THE PROBLEM >> Please find the line that holds "Foot: Sergio Rico" below and reproduce it, along with every line after it through the end, exactly and without pictures.

DATASET EXCERPT >>
_____
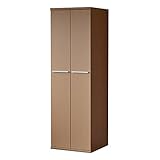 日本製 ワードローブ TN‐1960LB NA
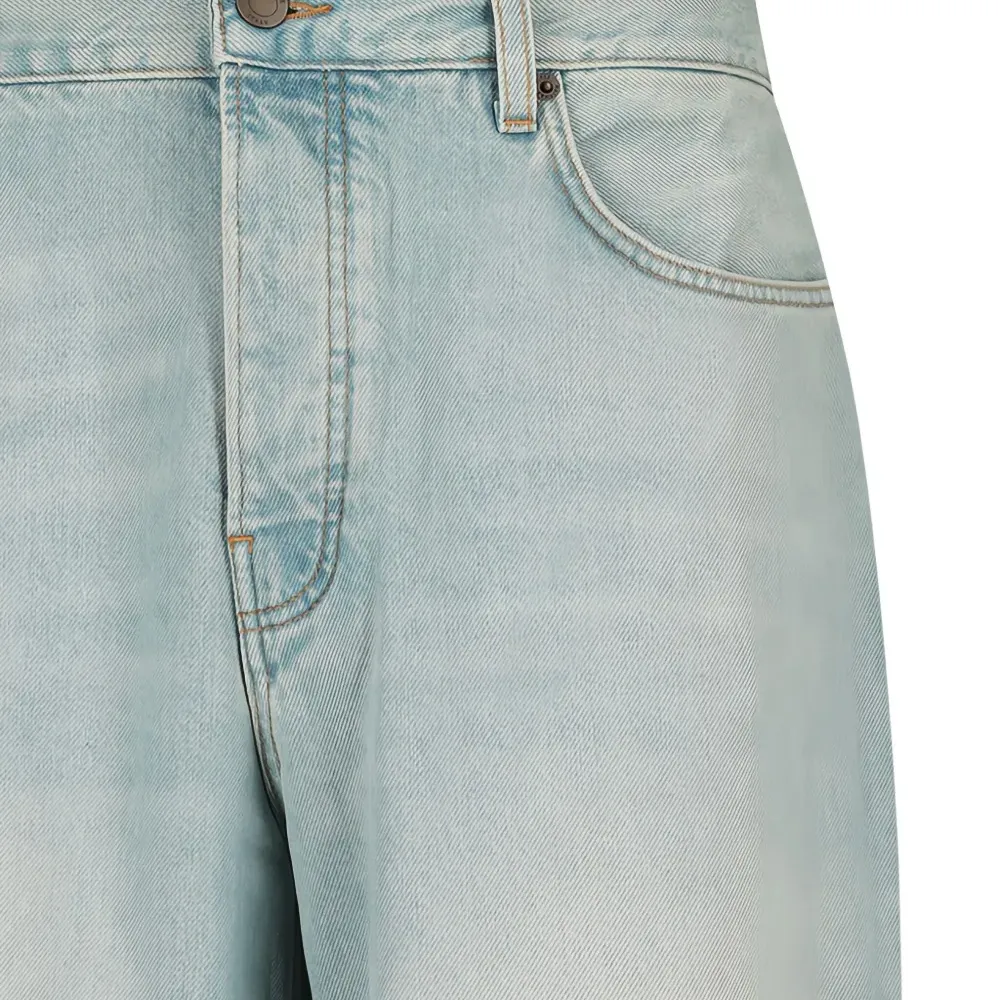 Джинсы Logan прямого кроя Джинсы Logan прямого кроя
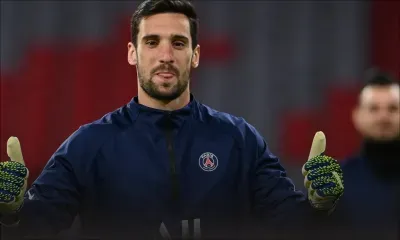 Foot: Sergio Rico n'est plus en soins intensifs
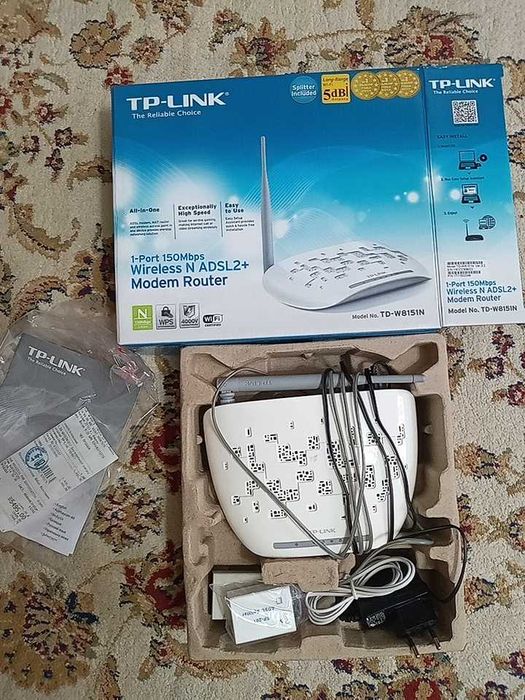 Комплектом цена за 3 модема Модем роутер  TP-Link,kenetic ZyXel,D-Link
_____
ANSWER SECTION >>
 Foot: Sergio Rico n'est plus en soins intensifs
 Комплектом цена за 3 модема Модем роутер  TP-Link,kenetic ZyXel,D-Link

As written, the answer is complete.